Пан Юр Ил рассмеялся. Эти слова показались ему смешными. И в течение всего дня он несколько раз вспоминал о них и улыбался. Где это видано, чтобы сын рыбака учился разбирать иероглифы?
В конце концов Пан Юр Ил стал злиться, потому что все же эти глупые слова засели у него в голове и мешали думать о том, куда в самом деле истратить деньги, которые он выручит за жемчуг.
Вечером Хе Сун была молчалива и, подавая ужин, только робко и покорно смотрела на мужа. И уже совсем поздно, ложась спать и как бы размышляя вслух, заметила:
— Я думаю брать в городе стирку. У меня вполне хватит времени и для этого. — Она помолчала немного и, увидев, что муж тоже молчит, добавила: — Если брать за стирку рыбой, это как раз получится столько, сколько зарабатывает Пан Чак.
Больше она ничего не говорила, и Пан Юр Ил стал совсем мрачным.
Утром он пошел с сыном к джонке. И по дороге он думал про жемчуг. Прошло уже два дня, как в его доме богатство, а он из-за своей жены никак не может решить, на что истратить деньги, которые он выручит за такую крупную жемчужину.
И вдруг Пан Чак, шедший сзади, сказал:
— Говорят, Пек Ун, что живет у седьмого затона, совсем состарился и уже не может ходить продавать свою рыбу.
Отец ничего не ответил.
— Говорят, он ищет себе мальчишку, — продолжал Пан Чак, — который продавал бы ему рыбу. За это он согласен пустить его в свою хижину и даже кормить.
— Что ты привязался со своим Пек Уном?! — разозлился отец.
— Нет, я только хотел сказать, что, доведись мне учиться, я бы мог жить у старого Пек Уна, и у тебя на один рот уменьшилась бы семья.
— Замолчи ты! — крикнул Пан Юр Ил. — Все об учении толкуют, будто в доме управляющего. Твой дед работал руками, и отец твой работает руками, а ты вдруг захотел ученым стать!
Пан Чак притих и больше ничего не сказал.
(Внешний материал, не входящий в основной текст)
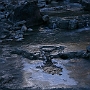 Himanali_Basecamp_004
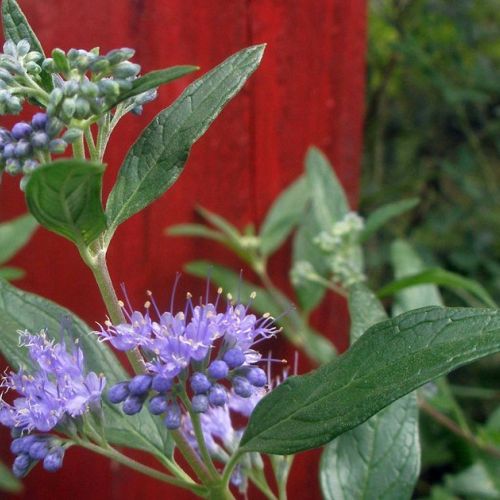 Il caryopteris: una bella pianta fiorita in autunno.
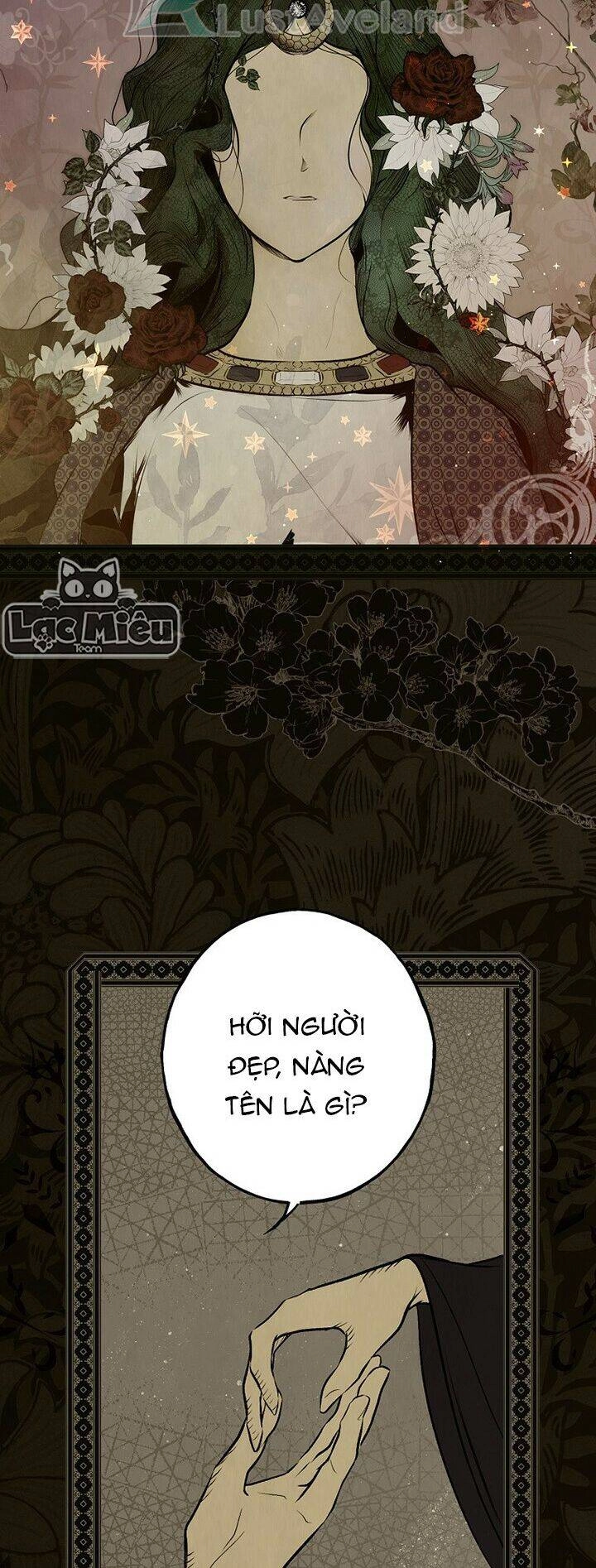 Bí Mật Của Quý Cô Chapter 48.5 - 2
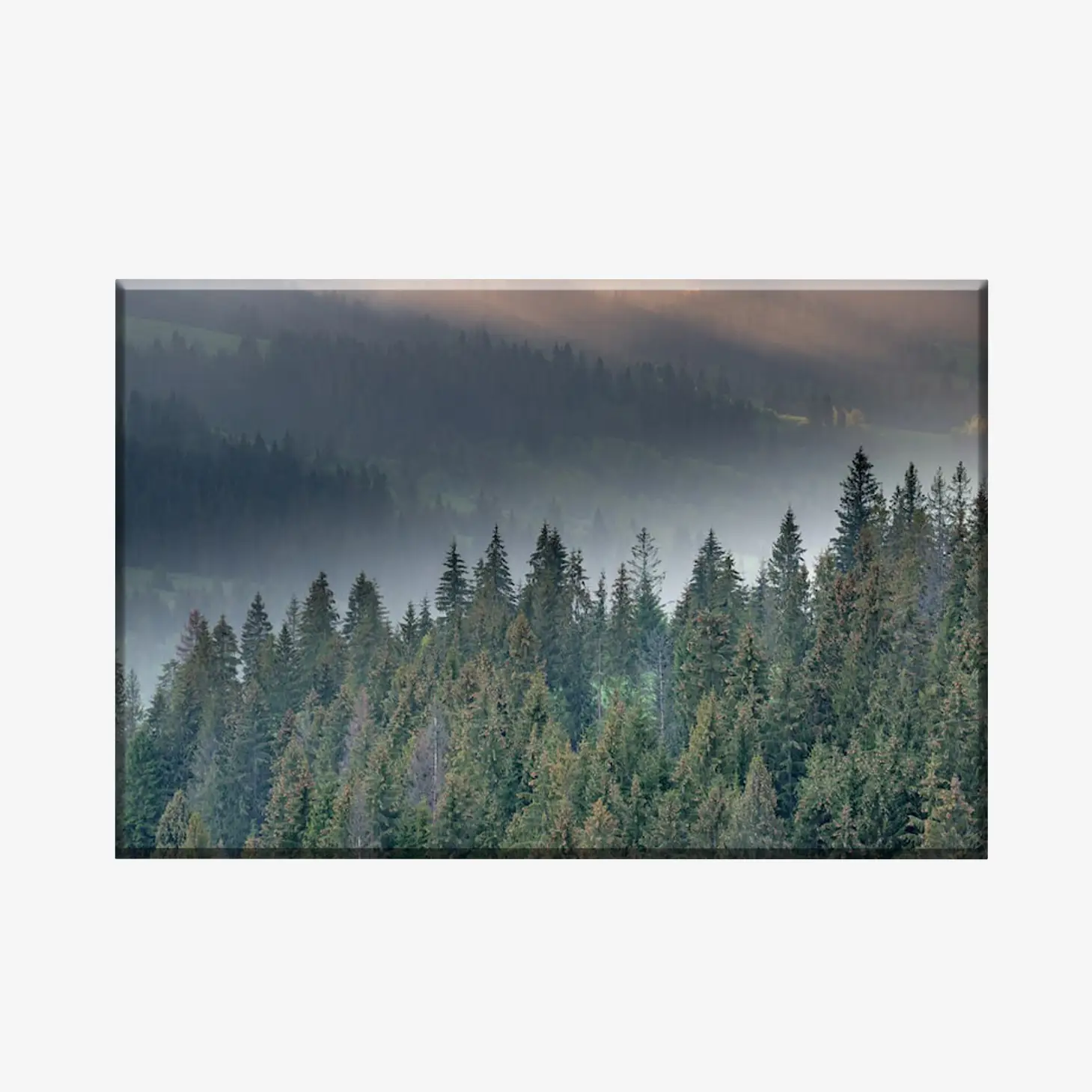 WL3803495_MockupOhneRhamen WL3803495_MockupOhneRhamen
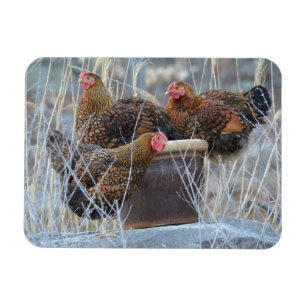 "The Girls" Chicken Magnet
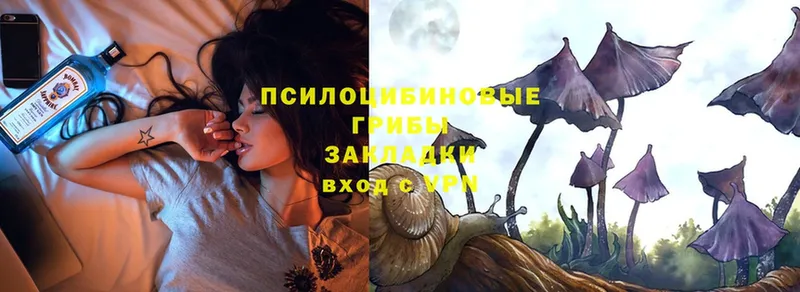 Галлюциногенные грибы Psilocybe  OMG   Калачинск 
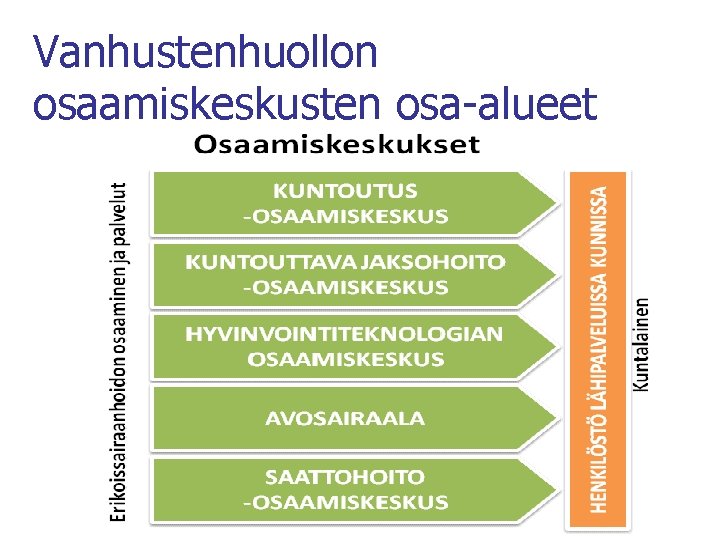 Vanhustenhuollon osaamiskeskusten osa-alueet 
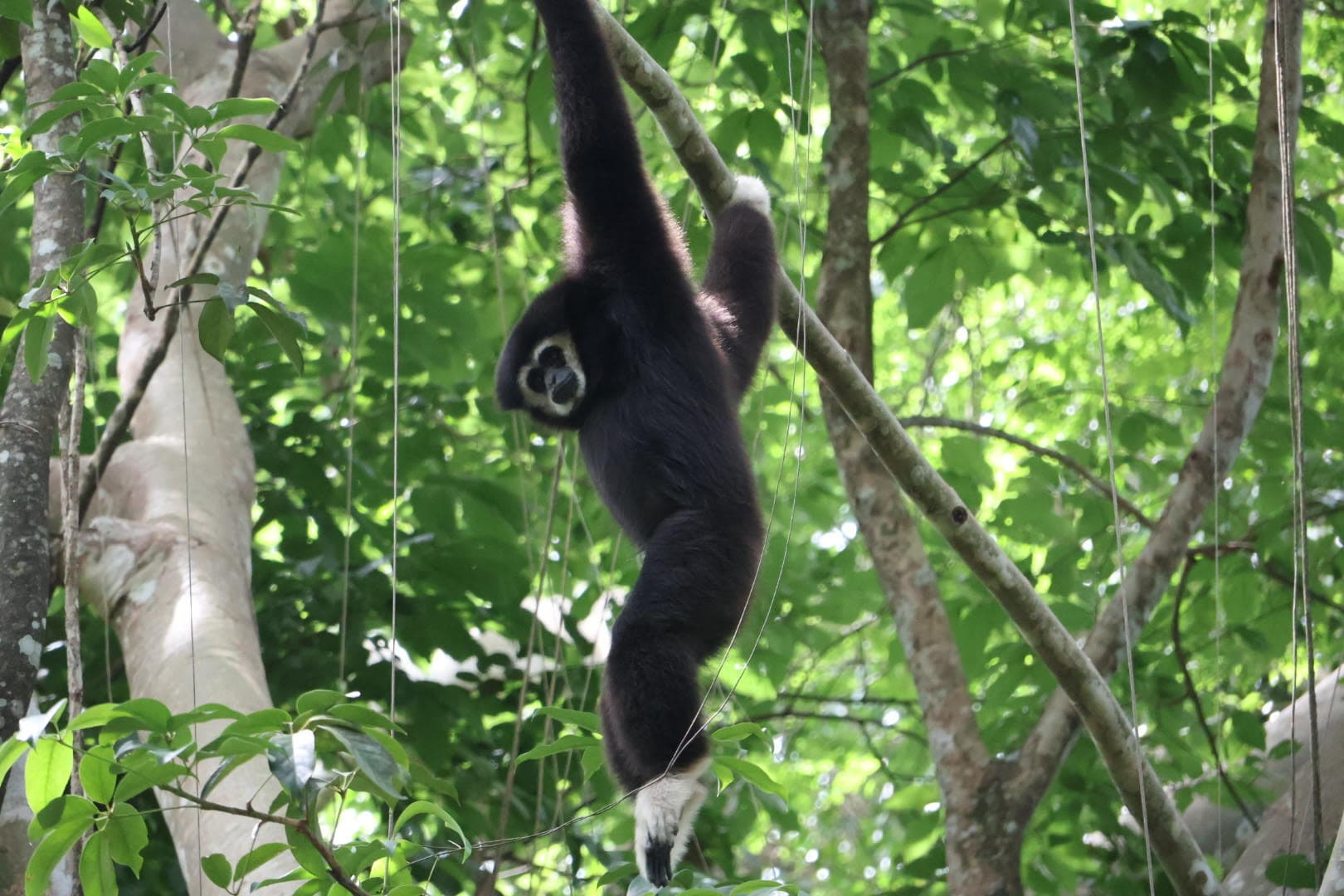 Huai Kaeo in 1 Day for Couples - Guided walk through Mae Kampong Village and forest Huai Kaeo in 1 Day for Couples - Guided walk through Mae Kampong Village and forest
На следующий день Пан Юр Ил встал совсем рано, завернул в тряпку жемчужную раковину и взял ее с собой на рыбную ловлю. Всего полдня прошло, и еще джонка не была полной, а он уже стал поднимать паруса, чтобы идти в затон. Хорошо, что и у других рыбаков нашлись дела в городе. Он сгрузил в баржу рыбу и поплыл не домой, а вдоль берега и причалил невдалеке от хижины старого рыбака Пек Уна. Здесь он велел Пан Чаку дожидаться.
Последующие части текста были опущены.